Su proceso creativo es tan fascinante como el resultado final. Trabaja obsesivamente, pasando horas aplicando y rascando la pintura, creando superficies que parecen tener vida propia. Este enfoque recuerda lo que Gilles Deleuze escribió sobre Francis Bacon, la idea de que la pintura debe capturar las fuerzas invisibles que atraviesan el cuerpo.
Los “Face Paintings” en particular revelan una tensión constante entre orden y caos. Los rostros emergen de las capas de pintura como espectros, a la vez presentes y ausentes. Es como si Grotjahn buscara captar ese momento preciso donde la figura emerge de la abstracción, o tal vez al revés, el momento en que se disuelve en ella.

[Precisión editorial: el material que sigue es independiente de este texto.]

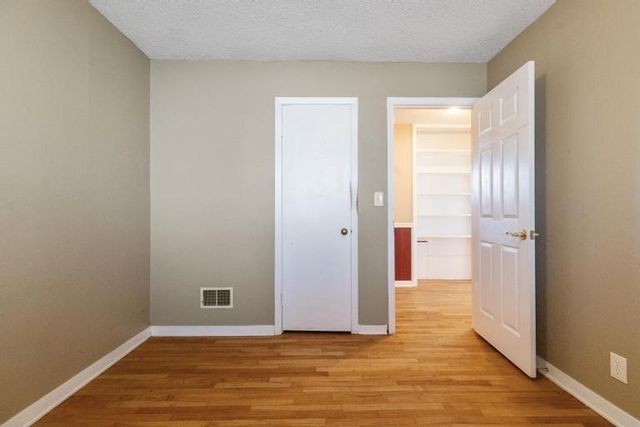 737 N Nettleton Avenue, Bonner Springs, KS 66012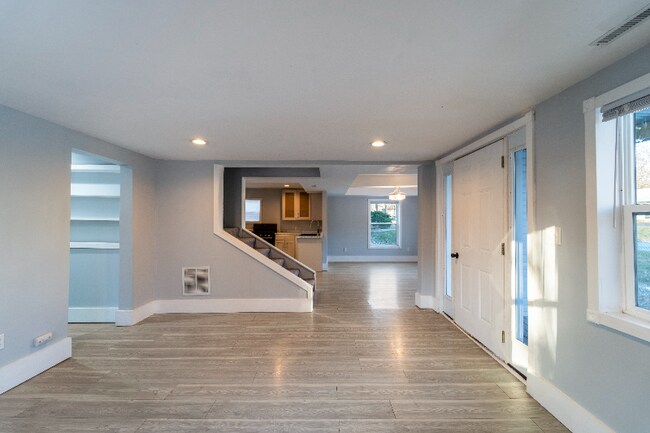 Photo - 308 N Harrison St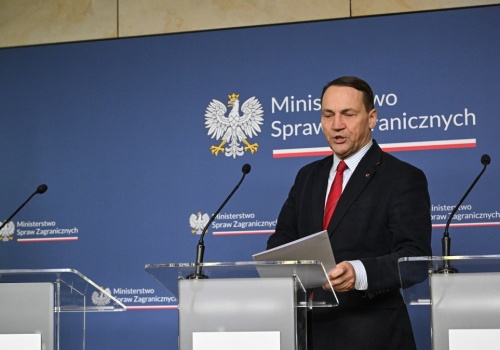 Polacy ignorują wojnę i lecą na Bliski Wschód. Sikorski podał liczby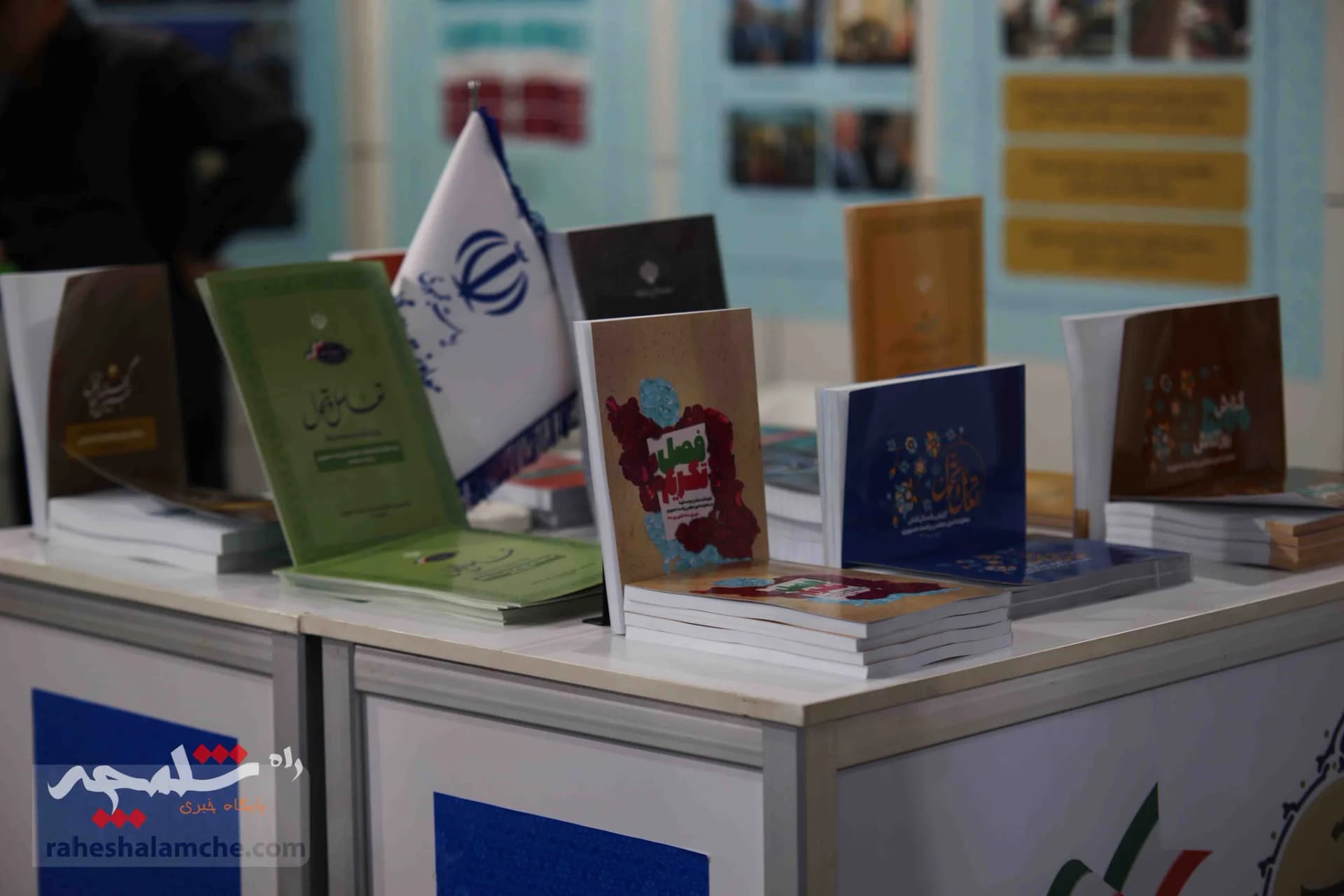 بازدید رئیس دفتر رئیس‌جمهور از غرفه معاونت ریاست جمهوری در امور مجلس +تصاویر — تصویر 4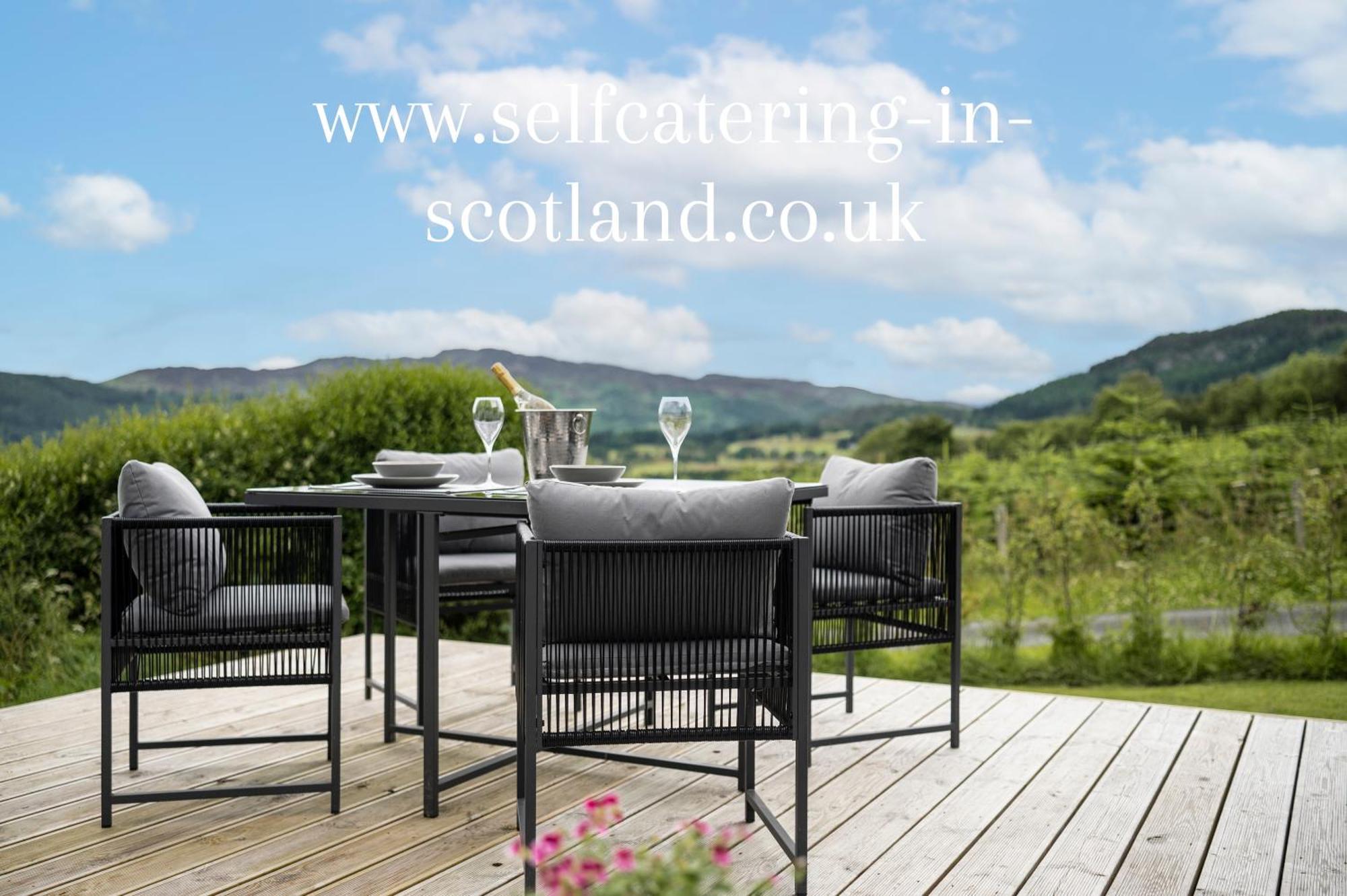 Kinnaird Woodland Lodges Pitlochry Exterior foto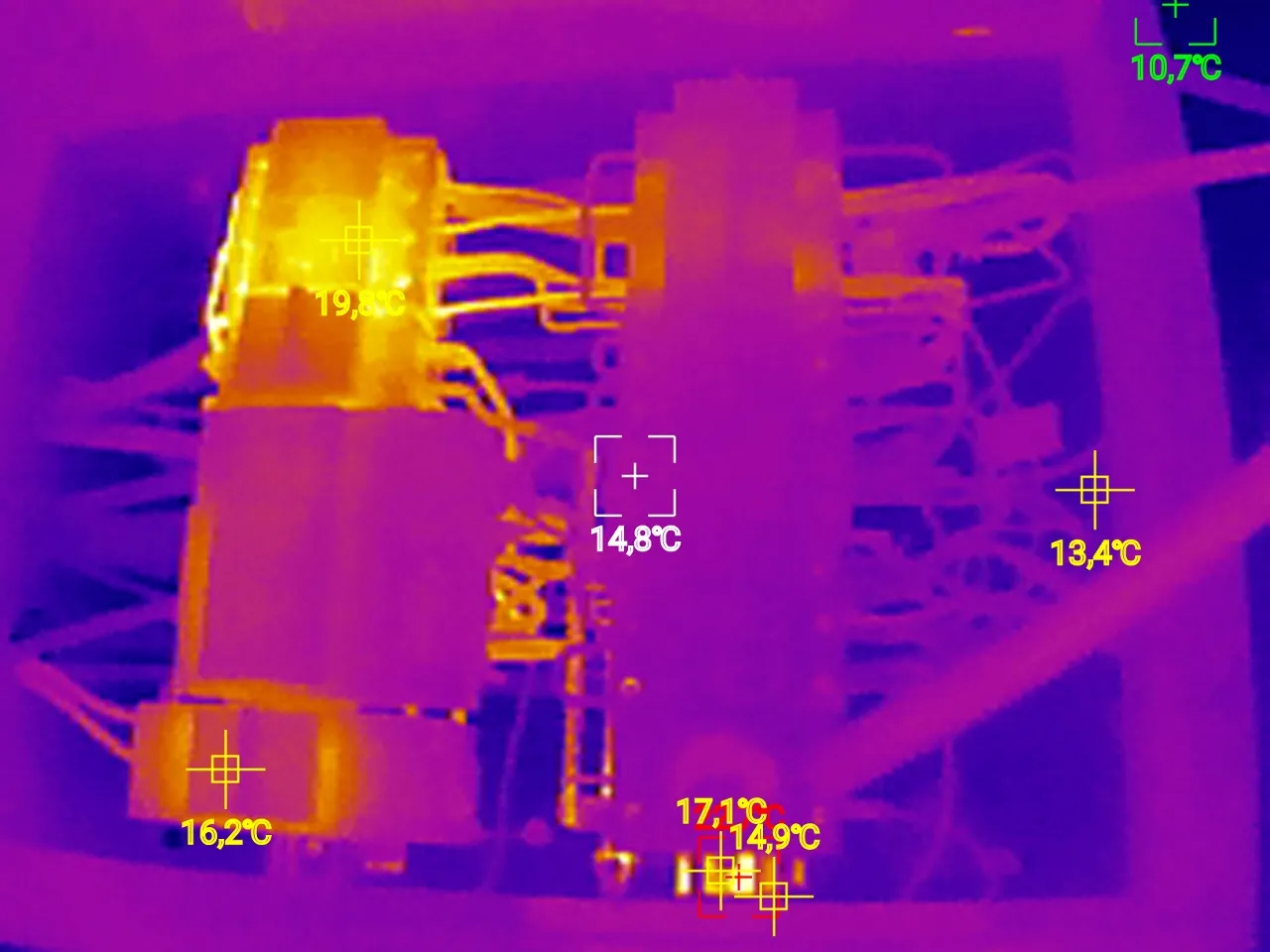 2х рядный щиток.. только фото на 90 градусов надо развернуть. И это при работающей Эл. Плите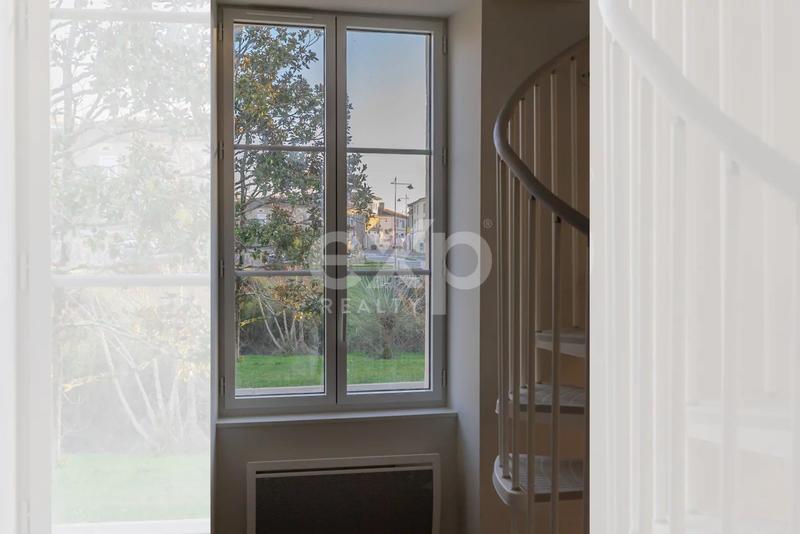 Appartement - 90 m² - 4 pièces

Esta ambigüedad deliberada está en el corazón de su práctica. Mientras muchos artistas contemporáneos buscan imponer un mensaje claro, Grotjahn prefiere cultivar la incertidumbre. Sus obras resisten la interpretación fácil, obligando al espectador a involucrarse activamente en el proceso de creación del sentido.
Hay algo profundamente americano en este enfoque, una especie de pragmatismo pictórico que recuerda los escritos de William James sobre la experiencia directa. Grotjahn no se pierde en teorías abstractas, explora directamente las posibilidades físicas de su medio.
Pero detrás de esta aparente espontaneidad se esconde una reflexión profunda sobre la naturaleza misma de la pintura. Cada gesto, cada elección de color es el resultado de años de experimentación e investigación. Esto es lo que Michel Foucault habría llamado una “arqueología del conocimiento pictórico”.
El trabajo de Mark Grotjahn nos recuerda que la pintura no está muerta, a diferencia de lo que algunos quisieran hacernos creer. Está bien viva, palpitante, incluso peligrosa. Grotjahn mantiene una práctica que es a la vez profundamente seria y radicalmente experimental.
No está simplemente pintando cuadros, está redefiniendo lo que la pintura puede ser en el siglo XXI. Y mientras algunos continúan debatiendo sobre la relevancia de la pintura abstracta en nuestro mundo digital, Grotjahn sigue tranquilamente empujando los límites de lo que es posible con pintura sobre una superficie plana.
Su trabajo nos recuerda que el arte no es una actividad decorativa amable destinada a alegrar las paredes de los apartamentos burgueses. Es un enfrentamiento brutal con la materia, una lucha constante por arrancar sentido del caos. Y en esta lucha, Grotjahn se revela como uno de los combatientes más feroces y decididos de su generación.